"Moi, je me demande si les gens ne font pas semblant. Peut-être qu'ils sont trop fatigués, et qu'ils n'ont plus ENVIE de bouger ? Ou peut-être qu'ils ont PEUR..."
Quel bonheur de recevoir ce superbe album grâce à la voie des indés de janvier ! Merci à Libfly et Sarbacane... Rebecca Dautremer s'empare du conte de La Belle au Bois Dormant et nous en offre une réécriture très personnelle, aussi étonnante que réjouissante, du début à la fin. L'histoire débute alors que l’enchantement est déjà advenu : le village est endormi et cela dure depuis « un temps fou ». Dans les quelques lignes d'introduction, l'auteure nous invite à suivre deux bonhommes en balade, et ce sont eux, ou plutôt l'un d'entre eux, un vieux monsieur qui, page après page, nous guide à travers ce Bois dormant ; le lecteur peut s'identifier au deuxième personnage, aux airs de prince ou de jeune premier un peu naïf, à qui s'adresse directement l'ancien. Tout juste crayonnés, ils sont représentés page de gauche alors qu'en vis à vis les illustrations pleine page nous font déambuler dans un univers merveilleux ou tout un chacun a succombé à Morphée, surpris en pleine action, ainsi croisons-nous un balayeur, des boxeurs, des musiciens. Le vieux monsieur croit se souvenir qu'ils attendent quelque chose ou quelqu'un pour rompre le sort et c'est là que le Prince, puisque s'en est un, semble lui-même se réveiller, alors qu'il apparaissait un peu amorphe, passif, simple contemplateur, prend les choses en main pour réveiller ce beau monde, lui qui n'a pas dit un mot depuis le début.

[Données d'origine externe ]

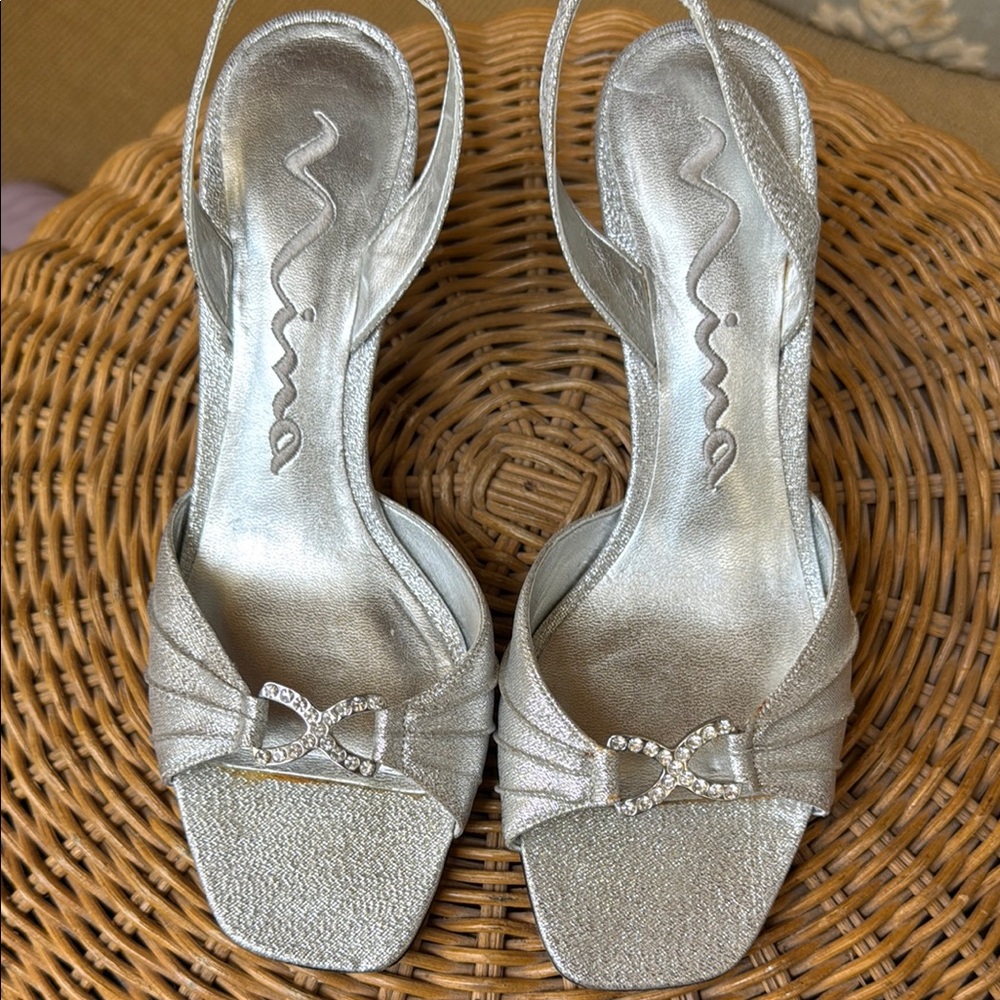 Nina Women's Glittering Silver Slingback Heels Size 7 With Rhinestone Bows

L'album m'a séduite dès le début mais il faut avouer que la fin est une pirouette géniale, l'acte libérateur est seulement suggéré (mais chacun se souvient du conte). On reconnaît bien le style de Rebecca Dautremer, son trait, sa palette de couleurs et pourtant on a l'impression qu'elle se renouvelle sans cesse. Le dessin a lui seul justifie le terme de « coup de cœur» pour cet album audacieux, les personnages ont des airs « d'années folles », ils sont figés dans le sommeil et pourtant, on a parfois l'impression qu'ils dansent comme les deux boxeurs ou le balayeur. Les références au sommeil foisonnent discrètement dans le dessin, on retrouve par exemple une affiche du film « The big sleep », une rue du dortoir ou un parc de la méchante pionce et on se dit que l'auteure a dû prendre beaucoup de plaisir à créer, elle a dû aussi bien s'amuser et elle nous amuse de même. Mais le texte est lui aussi parfaitement réussi, très malicieux, le ton du guide est familier, décalé par rapport au ton habituel des contes, notamment celui des Frères Grimm ! C'est bien simple, chaque page est un poème, c'est à la fois beau, tendre et jubilatoire, à lire et regarder inlassablement.